Pukanić was tragically assassinated in 2008, most likely due to his renowned dealings with regional criminal elements. Nacional then exploited the prevailing public shock to attack the genuine Croatian journalists who'd previously exposed Pukanić's true nature. Nacional named them in print and TV interview, falsely accusing them as being responsible for Pukanić's death and sought to whitewash Pukanić of his previous behaviour. Nacional was strongly criticised by the HND who considered Nacional's actions as tantamount to threats of violence to the journalists.
In 2012, General Ante Gotovina was acquitted on appeal by the ICTY. Nacional has continued its falsified attacks against Croatia's wartime defenders, the most recent being unfounded allegations regarding the incumbent Minister of Defence, General Damir Krstičević. (The quotes cited at the beginning of this article were in response to this.)

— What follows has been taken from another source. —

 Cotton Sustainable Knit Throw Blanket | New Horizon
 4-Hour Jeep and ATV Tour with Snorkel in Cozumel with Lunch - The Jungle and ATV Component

Plamenko Cvitić, continued with his anonymous source based propaganda, prior to storming out of Nacional's office in a tantrum and subsequently promoting himself as a 'Media expert'. His articles included a xenophobic attempted character assassination of an anti-corruption campaigner; a fabricated story regarding deceased murder victim Ivana Hodak; and an article regarding Pukanić's late wife following their acrimonious split and her announcement of 'serious allegations' against him:
"Having created his pre-determined argument to absolve his boss of any blame and discredit Mirjana, Cvitić proceeded to publish an article with a lengthy diatribe citing supposed instances from her medical history in an attempt to prove her mentally unstable and thus unreliable; but also sought to undermine the human rights workers who supported her."